## Project: Investigate a Dataset NFL
by: **Abdallah Mahmoud**, **Ali Aboelnaga**, **Habiba Mourad**, **Omnia Ahmed**, **Reem Tarek**

## Table of Contents
<ul>
<li><a href="#intro">1. Introduction</a></li>
<li><a href="#wrangling">2. Data Wrangling</a></li>
<li><a href="#eda">3. Exploratory Data Analysis</a></li>
<li><a href="#conclusions">4. Conclusions</a></li>
</ul>

<a id='intro'></a>
## 1. Introduction
### Overview
The 2022 Big Data Bowl data contains Next Gen Stats player tracking, play, game, player, and PFF scouting data for all 2018-2020 Special Teams plays.

### Questions
<ul>
<li><a href="#q1">1. What is the most frequent kickoff type?</a></li>
<li><a href="#q2">2. How often does the actual kick direction differ from the intended direction?</a></li>
<li><a href="#q3">3. Relation between hangTime and OperationTime</a></li>
<li><a href="#q4">4. Number of plays each quarter</a></li>
<li><a href="#q5">5. Number of plays each down</a></li>
<li><a href="#q6">6. Minimum, maximum and average play result</a></li>
<li><a href="#q7">7. Top 10 frequent possession teams</a></li>
<li><a href="#q8">8. Most frequent specialTeamsPlayType</a></li>
<li><a href="#q9">9. What is the relation between height and position</a></li>
<li><a href="#q10">10. What college graduates most special teams players</a></li>
<li><a href="#q11">11. Which season has most plays? </a></li>
<li><a href="#q12">12. Number of matches by week</a></li>
<li><a href="#q13">13. Number of games for every date</a></li>
<li><a href="#q14">14. Number of games based on Timing</a></li>
<li><a href="#q15">15. Number of games through years</a></li>
</ul>

In [None]:
import numpy as np
import pandas as pd

import statsmodels.api as sm
from statsmodels.graphics.gofplots import qqplot

import matplotlib.pyplot as plt
import seaborn as sns

import plotly.express as px
import plotly.graph_objects as go
from plotly.subplots import make_subplots

import warnings
warnings.filterwarnings('ignore')

<a id='wrangling'></a>
## 2. Data Wrangling

In this section of the report, we will load in the data, check for cleanliness, and then trim and clean the dataset for analysis.

### 2.1 PFFScouting Data

In [None]:
pf = pd.read_csv('/kaggle/input/nfl-big-data-bowl-2022/PFFScoutingData.csv')
pf.columns

Since the data is huge, we will work only on columns that we find most interesting to us and drop the rest.

In [None]:
pf = pf[['gameId', 'hangTime', 'operationTime', 'kickType', 'kickDirectionIntended', 'kickDirectionActual']]

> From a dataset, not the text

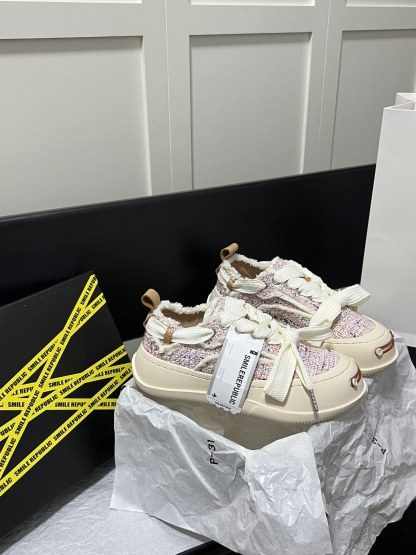 Pink Tweed Sneaker Shoes 2024 Spring Style Fashion Designer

Let's check first for duplicates and drop them

In [None]:
pf.duplicated().sum()

In [None]:
pf.drop_duplicates(inplace=True)

Now, check for `null` values

In [None]:
print("data shape:", pf.shape)
pf.isna().sum()

There are lots of missing values

We have many choices:-
1. drop columns with too many `NaN`
2. replace them with 0
3. fill them with the mean/mode
4. leave them

since we have many data we can drop the null values.

In [None]:
pf.dropna(axis=0, inplace=True)

In [None]:
pf.shape

In [None]:
pf.head(3)

### 2.2 Plays Data

In [None]:
plays = pd.read_csv('/kaggle/input/nfl-big-data-bowl-2022/plays.csv')
print(plays.columns)

select only target columns

In [None]:
plays = plays[['gameId', 'playId', 'quarter', 'down', 'yardsToGo', 'possessionTeam', 'specialTeamsPlayType',
              'specialTeamsResult', 'playResult']]

check for duplicates

In [None]:
plays.duplicated().sum()

again, check for nulls

In [None]:
plays.isna().sum()

we have no `nulls`

In [None]:
plays.shape

In [None]:
plays.head(3)

### 2.3 Player Data

In [None]:
players = pd.read_csv('/kaggle/input/nfl-big-data-bowl-2022/players.csv')
print(players.columns)

In [None]:
players.duplicated().sum()

In [None]:
players.isna().sum()

drop nulls

In [None]:
players.dropna(inplace=True)

convert `birthDate` to datetime

In [None]:
def func(row):
    s = row['height'].split('-')
    if len(s)==1:
        return int(row['height'])
    else:
        return int(row['height'].split('-')[0])*12+int(row['height'].split('-')[1])

In [None]:
players['height'] = players.apply(func, axis=1)

In [None]:
players['birthDate'] = pd.to_datetime(players['birthDate'])

In [None]:
players.shape

In [None]:
players.head(3)

### 2.4 Games Data

In [None]:
games = pd.read_csv('/kaggle/input/nfl-big-data-bowl-2022/games.csv')
games.columns

In [None]:
games.duplicated().sum()

In [None]:
games.isna().sum()

In [None]:
# games['gameDate'] = pd.to_datetime(games['gameDate'])

In [None]:
games.shape

In [None]:
games.head(3)

<a id='eda'></a>
## 3. Exploratory Data Analysis

<a id='q1'></a>
### 3.1 What is the most frequent kickoff type?

In [None]:
pf['kickType'].unique()

In [None]:
pf['kickType'] = pf['kickType'].map({'N':'standard punt style', 'A':'Aussie-style punts', 'R':'Rugby style punt'})

In [None]:
pf['kickType'].value_counts()

In [None]:
px.bar(pf['kickType'].value_counts(), title='Most frequent kick types', labels={'index':'style', 'value':'count'})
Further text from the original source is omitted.